Illustrations of the pushing-pedal-down and pulling-pedals-up movements

We used this character to design a Finite State Machine (\( {FSM}^1 \)) in this study to detect pushing-pedals-down and pulling-pedals-up movements. This FSM had four input signals, which were \( {IS}_1^1 \), \( {IS}_2^1 \), \( {IS}_3^1 \), and \( {IS}_4^1 \). \( {IS}_1^1=1 \) represents that the system had detected the maximum Z value of the Foot_Right joint point, which was \( {Z}_{Foot\_ Right}={Z}_{Foot\_ Right}^{max} \). \( {IS}_2^1=1 \) represents that the system detected \( {Z}_{Foot\_ Right}={Z}_{Foot\_ Right}^{min} \). \( {IS}_3^1=1 \) represents that the system detected \( {Y}_{Foot\_ Right}={Y}_{Foot\_ Right}^{max} \). \( {IS}_4^1=1 \) represents that the system detected \( {Y}_{Foot\_ Right}={Y}_{Foot\_ Right}^{min} \). This FSM’s output signal was \( {OS}^1 \). \( {OS}^1=1 \) represents that the system detected pushing-pedals-down movements. \( {OS}^1=-1 \) represents that the system detected pulling-pedals-up movements.

This FSM had 8 states. Table 1 shows the State Table of \( {FSM}^1 \). \( {ST}_0^1 \) is the initial state. The FMS would enter \( {ST}_1^1 \) only when the system detected \( {IS}_1^1=1 \); otherwise, \( {ST}_0^1 \) remained in \( {ST}_0^1 \).

Table 1 State Table of the proposed FSM 1

\( {ST}_1^1 \) represents that the system detected that the foot was currently at the back end of the pedal assembly. \( {ST}_1^1 \) would remain in \( {ST}_1^1 \) if \( {ST}_1^1 \) continued to receive the \( {IS}_1^1=1 \) signal. When \( {ST}_1^1 \) received the \( {IS}_4^1=1 \) signal, \( {ST}_1^1 \) would enter \( {ST}_2^1 \). This means that the system detected the next state of the pushing-pedals-down movements. If \( {ST}_1^1 \) received \( {IS}_3^1=1 \) signal, \( {ST}_1^1 \) would enter \( {ST}_3^1 \). This means that the system detected the next state of the pulling-pedals-up movements. If \( {ST}_1^1 \) received the \( {IS}_2^1=1 \) signal, \( {ST}_1^1 \) would return to \( {ST}_0^1 \). This means that the system was unable to recognize whether the user was pushing the pedals down or pulling the pedals up. Thus, the FMS would go back to the initial state \( ,\;{ST}_0^1 \).
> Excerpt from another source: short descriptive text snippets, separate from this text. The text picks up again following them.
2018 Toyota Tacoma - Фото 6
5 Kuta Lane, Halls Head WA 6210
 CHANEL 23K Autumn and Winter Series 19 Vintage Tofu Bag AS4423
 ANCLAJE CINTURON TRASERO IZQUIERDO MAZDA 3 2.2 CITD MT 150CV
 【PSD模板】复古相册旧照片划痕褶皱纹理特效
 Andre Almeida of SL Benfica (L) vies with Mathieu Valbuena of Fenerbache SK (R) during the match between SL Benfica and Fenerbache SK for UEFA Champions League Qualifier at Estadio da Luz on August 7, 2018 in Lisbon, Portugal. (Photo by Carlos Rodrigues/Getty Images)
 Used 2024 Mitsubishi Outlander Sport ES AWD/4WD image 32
\( {ST}_2^1 \) represents that the system detected part of the pushing-pedals-down movements, that is, the foot moving from the back end to the top of the pedal assembly. The behavior of \( {ST}_2^1 \) was similar to that of \( {ST}_1^1 \). If \( {IS}_2^1=1 \) continued to be received by the system, then \( {ST}_2^1 \) would enter \( {ST}_4^1 \). \( {ST}_4^1 \) represents that the foot was pushing the pedals down and had already moved to the front end of the pedal assembly. At this moment, if the system continued receiving the \( {IS}_3^1=1 \) signal, then \( {ST}_4^1 \) would enter \( {ST}_6^1 \). \( {ST}_6^1 \) represents that the foot was pushing the pedals down and had already moved to the bottom of the pedal assembly. If the system continued to receive the \( {IS}_1^1=1 \) signal, \( {ST}_6^1 \) would go back to \( {ST}_1^1 \) and output \( {OS}^1=1 \). This means that the system detected the pedal had been pushed down for one circle.
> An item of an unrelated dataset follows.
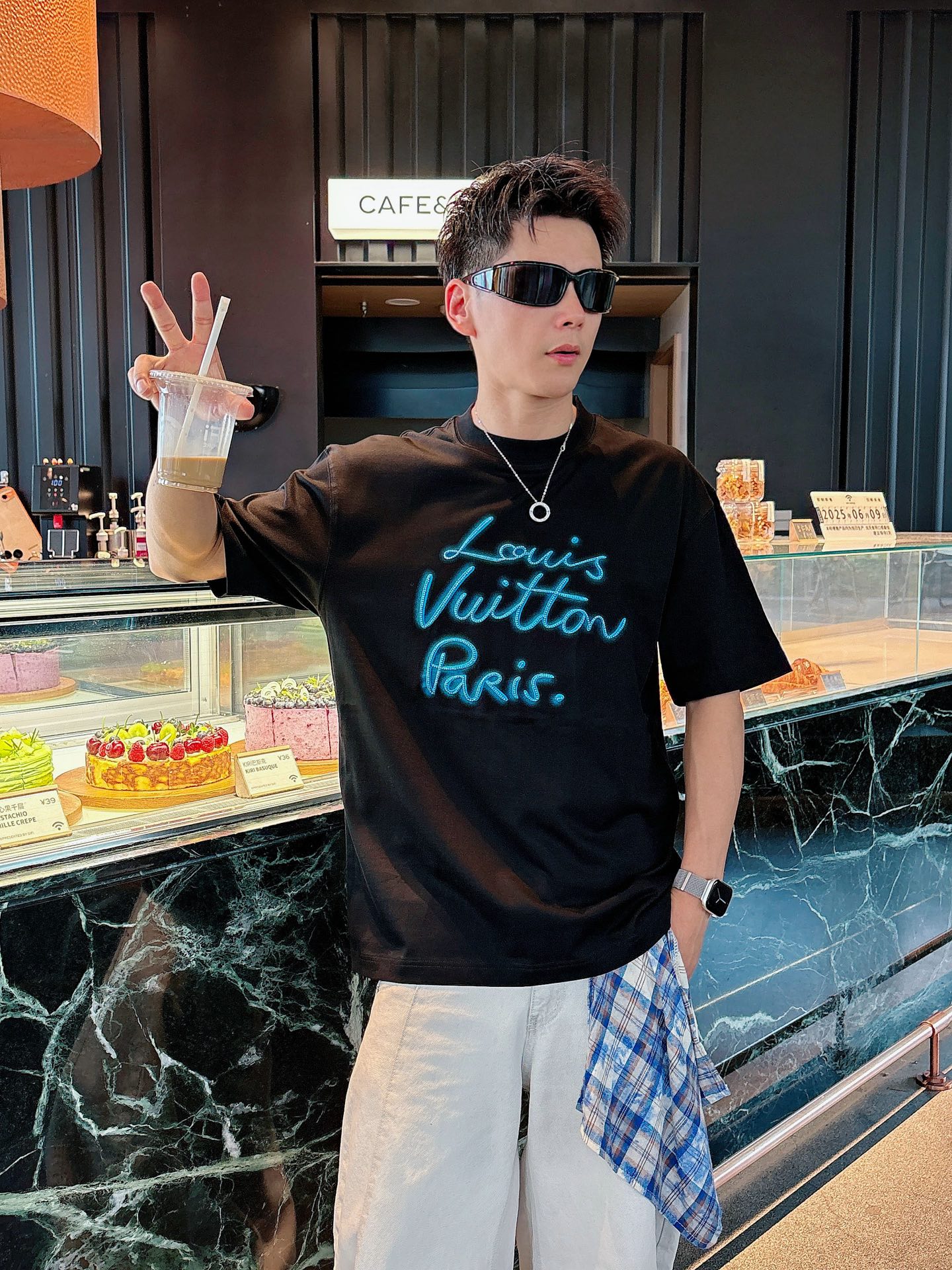 。上新lv 25 SS 新疆长绒棉 上身舒适亲肤 纯棉质感 经典百搭 黑白 码数M-3Xl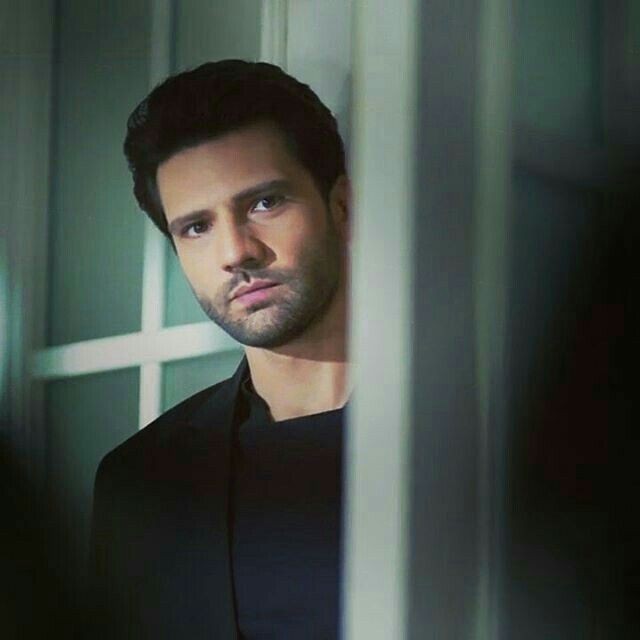 эмир козджуоглу. каан урганджиоглу эмир козджуоглу. эмир козджуоглу. турецкий актер каан урганджиоглу. каан урганджиоглу эмир.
\( {ST}_3^1 \) represents that the system detected part of the pulling-pedals-up movement. In the course of a correct pulling-pedals-up movement, \( {ST}_3^1 \) would change to \( {ST}_5^1 \), then to \( {ST}_7^1 \), and then return to \( {ST}_1^1 \) and output the \( {OS}^1=-1 \) signal.

  1. B.

    The design of the neck and shoulder movement detection module

In this study, we designed multiple flying scenarios in Google Earth so as to elevate users’ motivation to use the exercise bike and also to improve the drawback that exercise bikes only train the lower part of the body. Each special neck or shoulder movement was able to activate a corresponding flying scenario. These special neck and shoulder movements were all designed according to Pilates moves. The corresponding flying mode was activated after the user had done the specially designed neck or shoulder movement.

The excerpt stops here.